- [Data extract]:
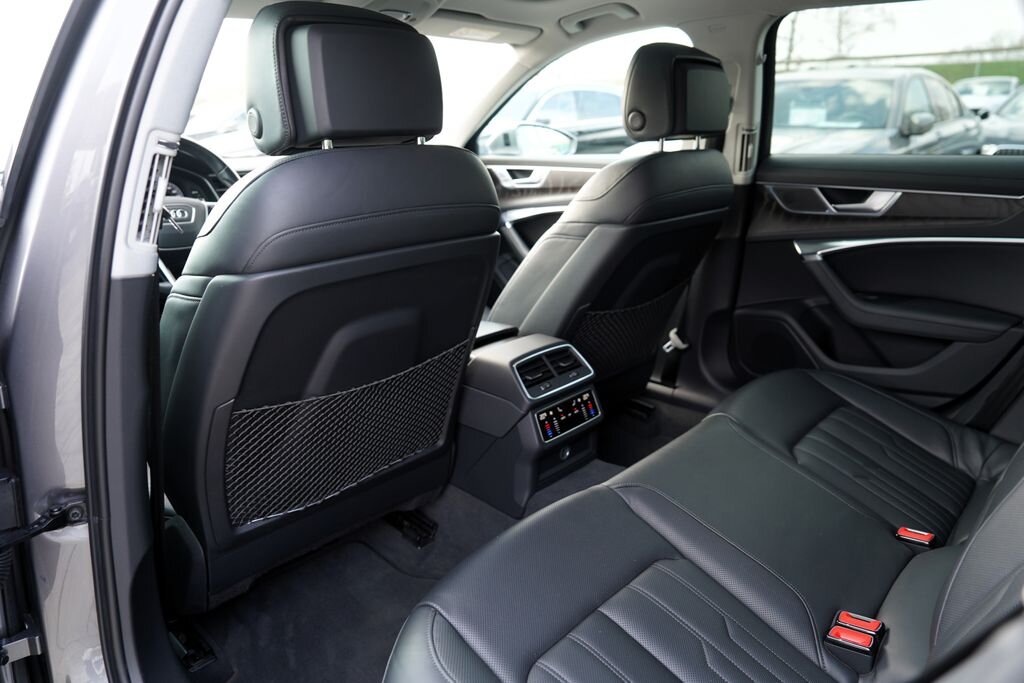 Audi A6 Allroad Kombi 3,0 l 250 kw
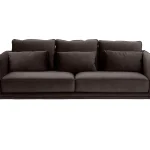 Диван Amsterdam трёхместный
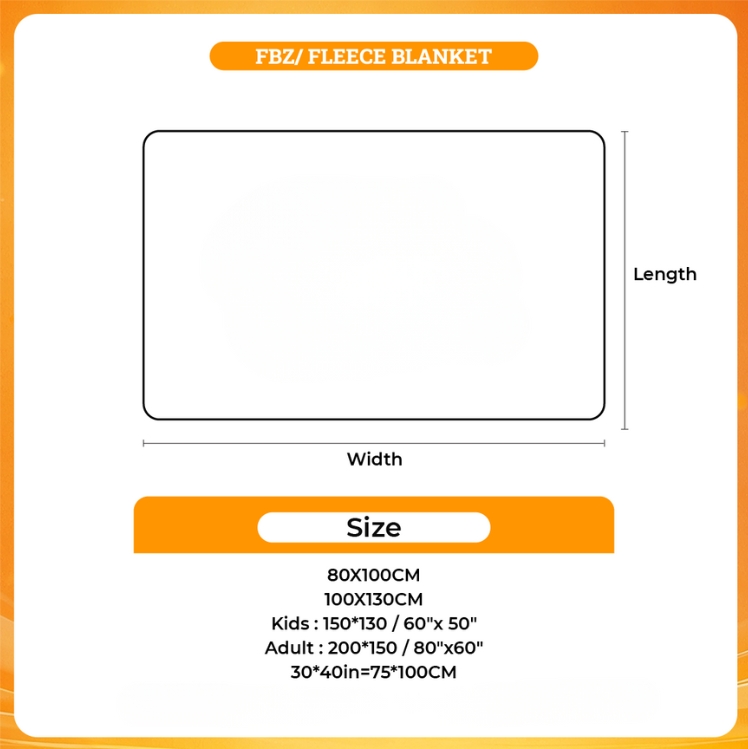 3D Fleece Blanket - Naruto EU Store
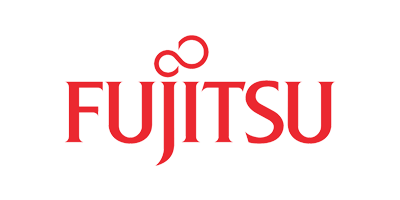 Fujitsu logo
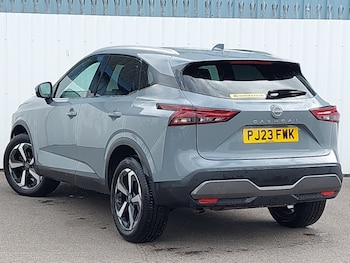 Used Nissan Qashqai 2023 for sale - 79064590: Photo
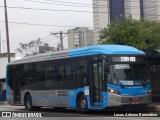 Viação Paratodos > São Jorge > Metropolitana São Paulo > Mobibrasil 6 3144 na cidade de São Paulo, São Paulo, Brasil, por Lucas Adriano Bernardino. ID da foto: :id.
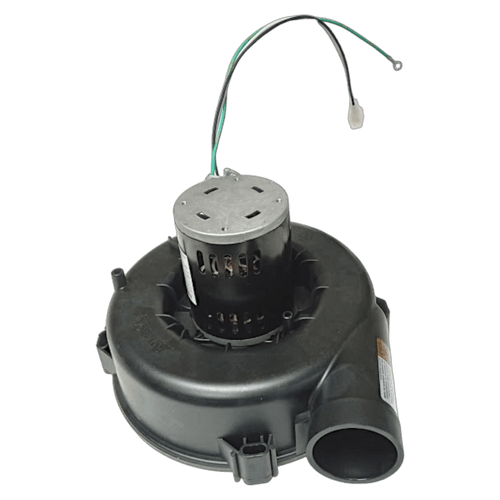 20209P Draft Inducer Motor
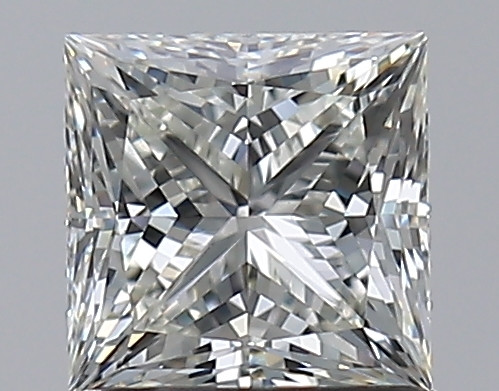 Princess 1.03 J VVS2 - #885835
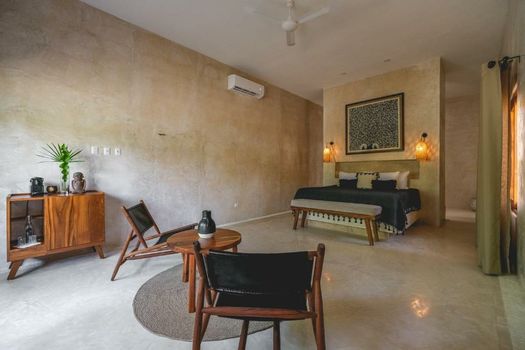 Wakax Hacienda - Cenote & Boutique Hotel
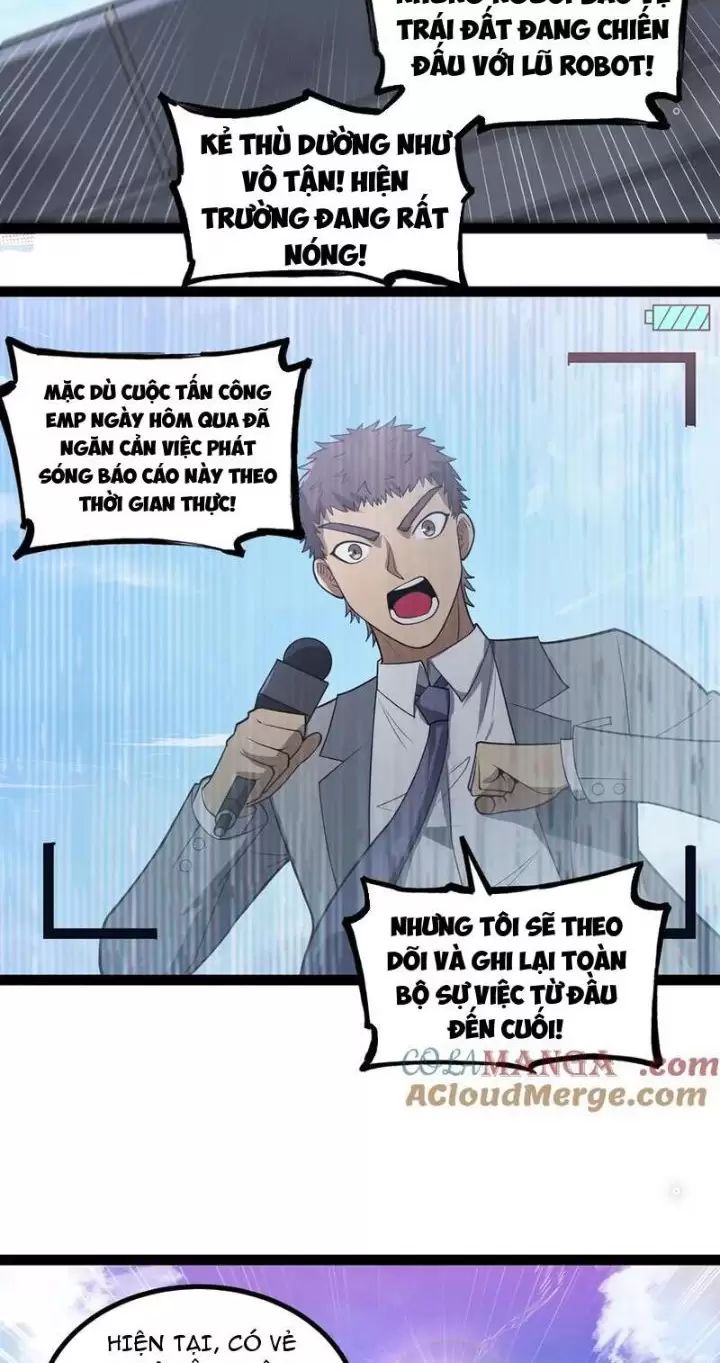 Mạnh Nhất Dị Giới: Chapter 45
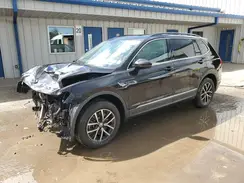 3VV2B7AX0MM035696 2021 VOLKSWAGEN TIGUAN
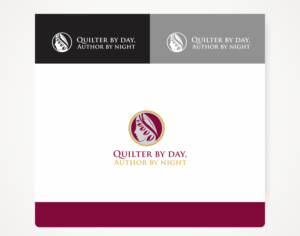Logo Design by Savana for H. Corinne Hewitt Quilt Patterns & Fabrics | Design: #16495472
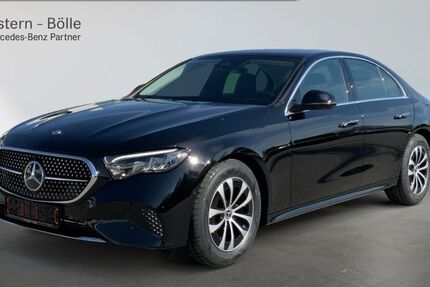 Mercedes-Benz E 220 9.900 km 49.490 &euro; Donaueschingen 78166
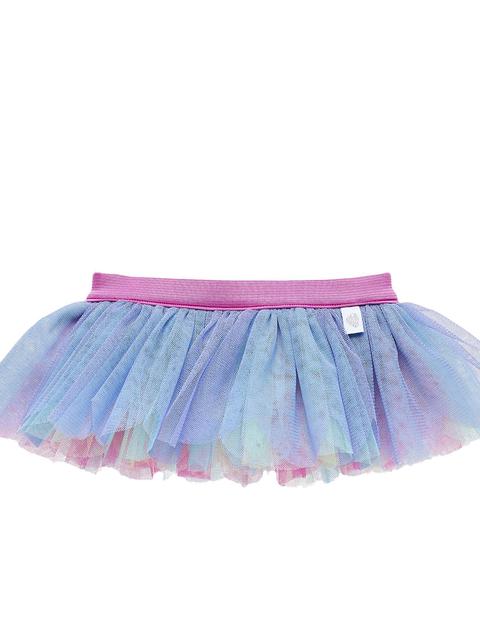 Pastel Rainbow Tutu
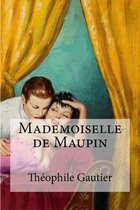 Mademoiselle de Maupin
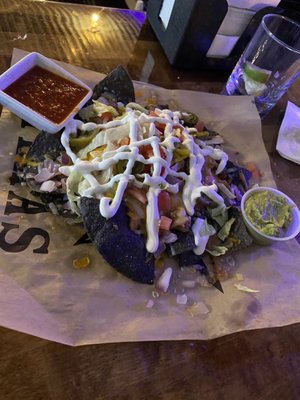 Doc's Bar & Grill Abilene by null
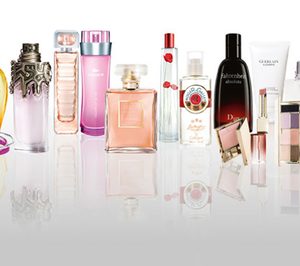 Perfumería Ella y Él acaba en liquidación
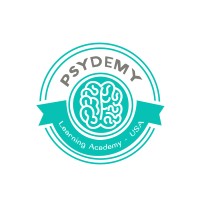 Psydemy logo - Similar company to Wecure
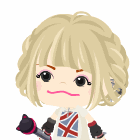 まゆぽん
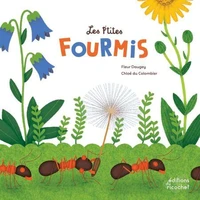 Les p'tites fourmis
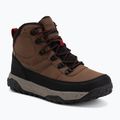 Herren-Wanderschuhe REGATTA Renford brown/rio red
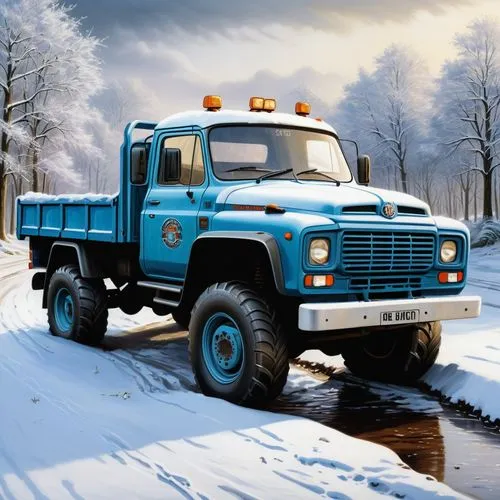 kamaz,ford f-650,dodge power wagon,magirus,uaz-469,ford f-series,snowplow,snow plow,winter service,uaz-452,unimog,ford f-550,zil-111,uaz patriot,ford truck,snow removal,ford super duty,defender,dodge d series,land rover defender,Conceptual Art,Fantasy,Fantasy 30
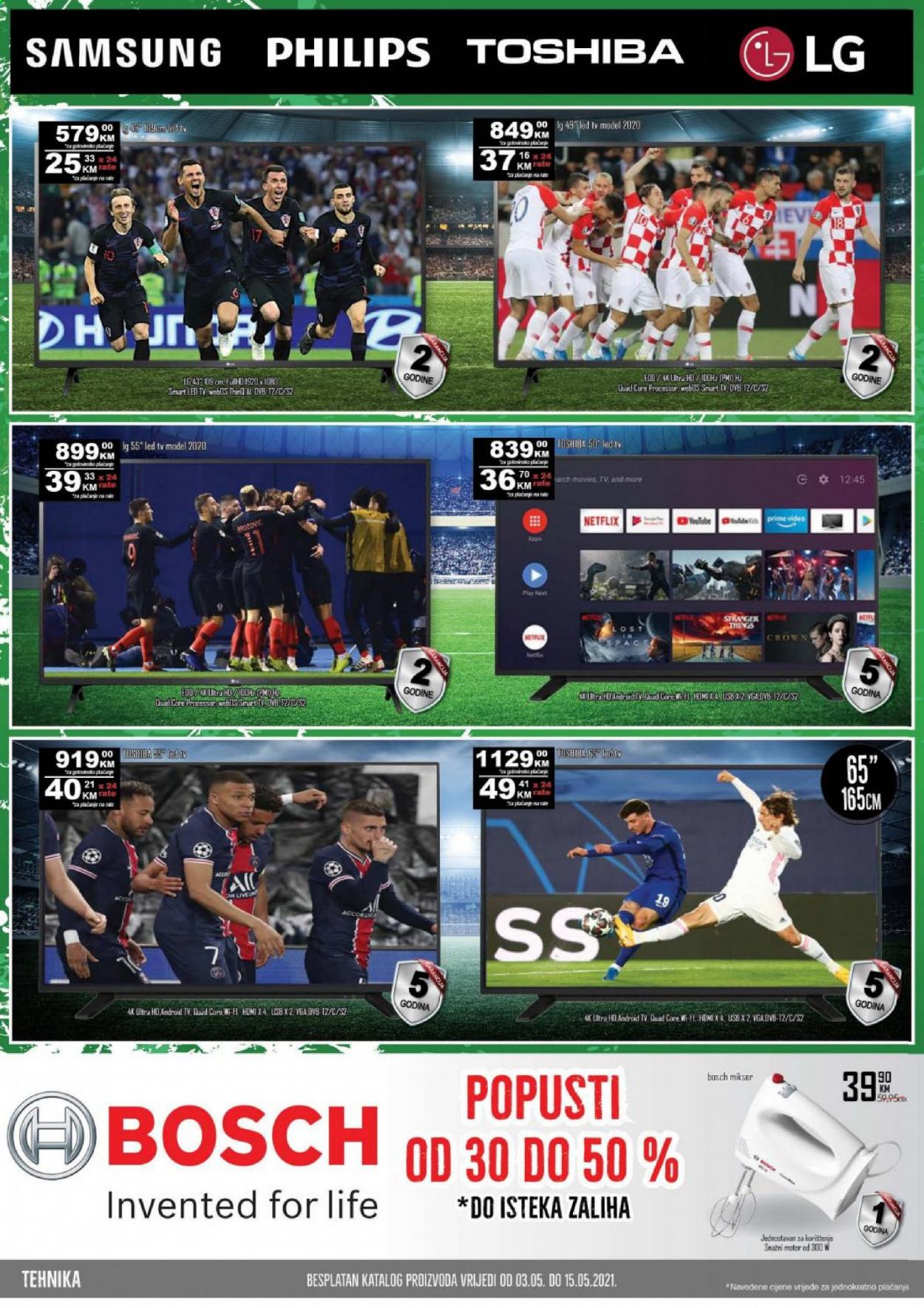 Prodex katalog - 03.05.2021. - 15.05.2021.. Stranica 22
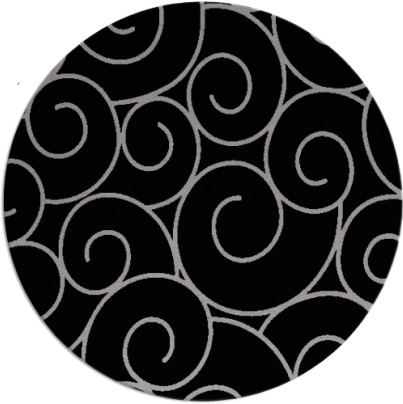 noodles rug - item 429014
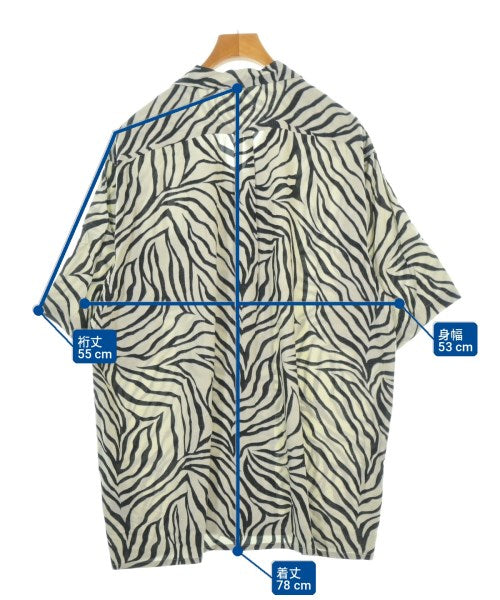 COMOLI 休閒襯衫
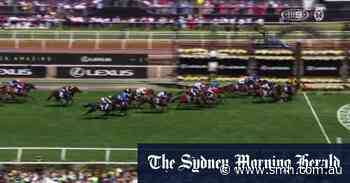 Melbourne Cup 2024: Knight's Choice wins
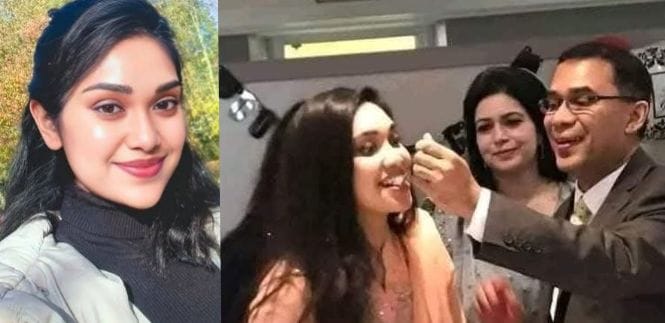 জাইমা রহমানের জন্মদিনে লাহিড়ীপাড়া ইউনিয়ন বিএনপি নেতাদের শুভেচ্ছা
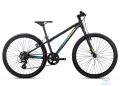 Велосипед 24 Orbea MX DIRT 24 Blue - Orange 2019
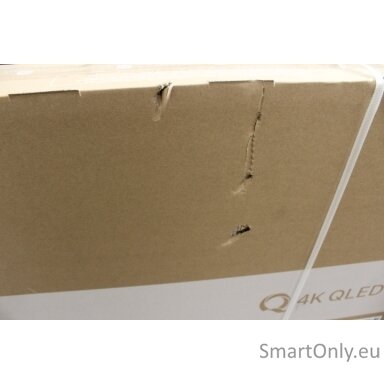 SALE OUT. Xiaomi QLED TV A Pro 2026 75" | SALE OUT. Xiaomi QLED TV A Pro 2026 | 75 | Smart TV | Google TV | 4K UHD | DAMAGED PACKAGING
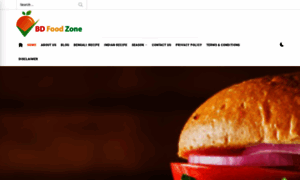 Bdfoodzone.com thumbnail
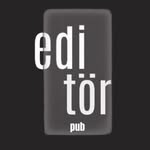 Konsopa Otel Editör Pub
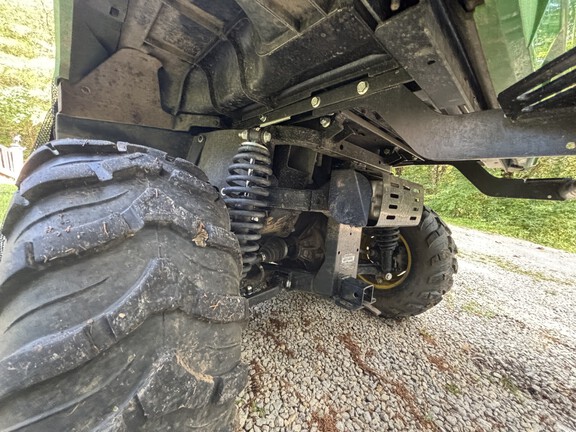 Used 2019 John Deere XUV 560E ATVs & Gators at Koenig Equipment in Germantown, OH - Photo17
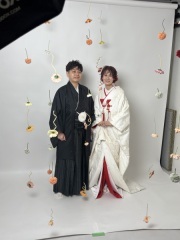 INAI WEDDING WASOU 東京浅草本店_アドバイス写真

- [What the task requires]:
Please copy, exactly as written, the lines from the one that contains "UHD | DAMAGED PACKAGING" through the end of the records, both ends included. Do not include the pictures.

- [Exercise answer]:
 SALE OUT. Xiaomi QLED TV A Pro 2026 75" | SALE OUT. Xiaomi QLED TV A Pro 2026 | 75 | Smart TV | Google TV | 4K UHD | DAMAGED PACKAGING
 Bdfoodzone.com thumbnail
 Konsopa Otel Editör Pub
 Used 2019 John Deere XUV 560E ATVs & Gators at Koenig Equipment in Germantown, OH - Photo17
 INAI WEDDING WASOU 東京浅草本店_アドバイス写真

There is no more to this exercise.